Because he felt fine, Pahulu and his parents sought second opinions on the severity of his condition and on the prohibition against participating in intercollegiate football. The plaintiff saw three specialists, whose consensus was that the plaintiff could participate in intercollegiate football with no more risk of permanent paralysis than any other player.

Pahulu shared this information with the team physician. The plaintiff also offered to release and indemnify the defendants from *1389 liability should he be injured. The team physician and consulting neurosurgeon, although acknowledging their decision was conservative, remained firm in barring the plaintiff from further intercollegiate football competition based upon their belief the plaintiff was at great risk for severe injury. The defendants adhered to this decision.

Alleging a violation of Section 504 of the Rehabilitation Act of 1973, 1 Pahulu filed suit against KU; Robert Hemenway, Chancellor; Robert Frederick, Athletic Director; and the Kansas University Athletic Corporation. The defendants filed motions to dismiss, which the court denied orally on August 18, 1995. Subsequent to the filing of the dismissal motions, the plaintiff filed a motion for preliminary injunction, which is the subject of this memorandum and order.

Discussion

In order to obtain preliminary injunctive relief, the moving party must establish:
(1) the movant will suffer irreparable injury unless the injunction issues;
(2) the threatened injury to the movant outweighs whatever damage the proposed injunction may cause the opposing party;
(3) that the injunction, if issued, would not be adverse to the public interest; and
(4) substantial likelihood that the mov-ant will succeed on the merits.
We have adopted a modified likelihood of success requirement in the Tenth Circuit. If the movant has satisfied the first three requirements for a preliminary injunction, the movant may establish likelihood of success by showing questions going to the merits so serious, substantial, difficult and doubtful, as to make the issues ripe for litigation and deserving of more deliberate investigation.

Walmer v. United States Dep’t of Defense, 52 F.3d 851, 854 (10th Cir.1995) (citations omitted).

At the hearing, Pahulu established that he is entering his last year of eligibility to play intercollegiate football. It is unlikely he could obtain a waiver for an additional year of eligibility from the NCAA. If injunctive relief is not granted, the irreparable harm he will suffer is losing that year of eligibility and the reduced opportunity for a professional sports career.

The defendants argued in their briefs that should Pahulu be injured, the defendants risk damage to their reputation. Robert Frederick, a named defendant, acknowledged at the hearing that the defendants will suffer no foreseeable harm if the preliminary injunction is granted.

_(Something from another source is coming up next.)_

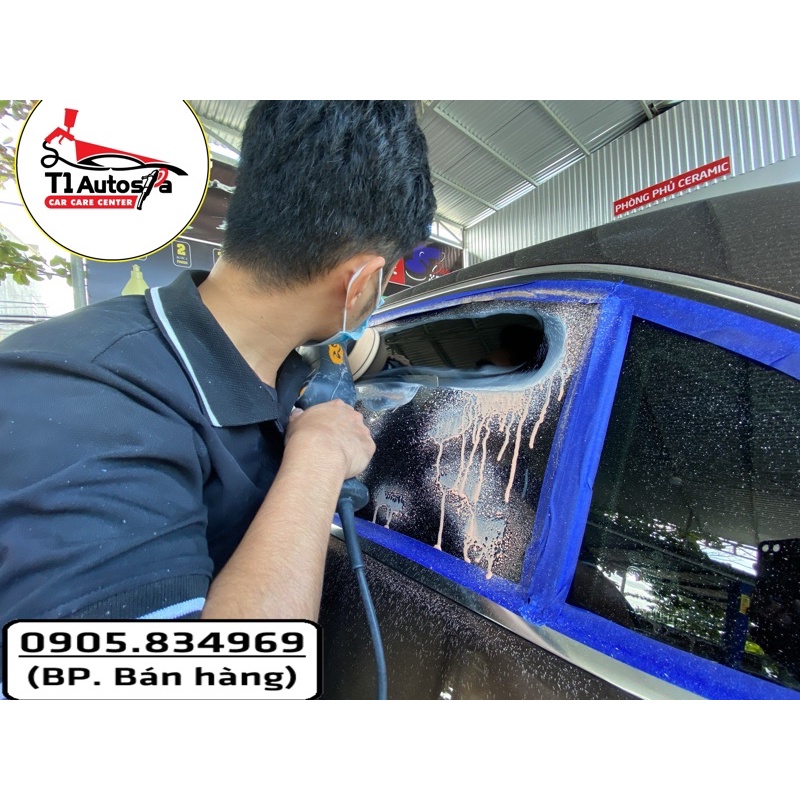 Phớt đánh bóng kính, xoá xước, tẩy ố kính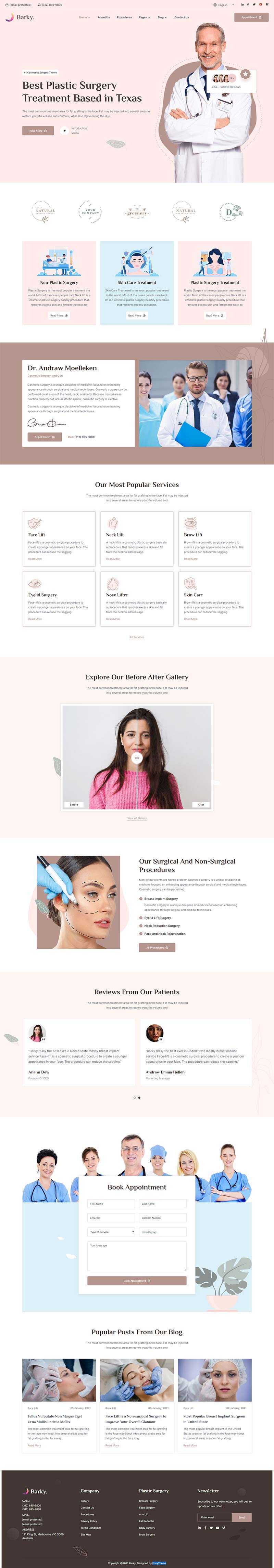 bootstrap粉红色美容整形医院官网HTML模板 - 网创&网赚 项目教学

The parties do not develop the public interest argument, and no evidence at the hearing suggested injunctive relief would have such an effect. An argument could be made that granting injunctive relief would inject judicial scrutiny into an area best reserved to the coach and the university. In this case, however, injunctive relief would not be subjecting “a coach’s discretionary decisions regarding who plays in games and how much playing time is received” to judicial scrutiny. Matthew J. Mitten, Sports Participation by “Handicapped” Athletes, 10-SPG Ent. & Sports Law. 15 (1992) (page references not available on Westlaw). The plaintiff seeks the opportunity to earn a playing position; he does not ask this court to direct the defendants to play him.

It appears an injunction would not be adverse to the public interest. Consequently, the plaintiff only has to satisfy a modified likelihood of success on the merits.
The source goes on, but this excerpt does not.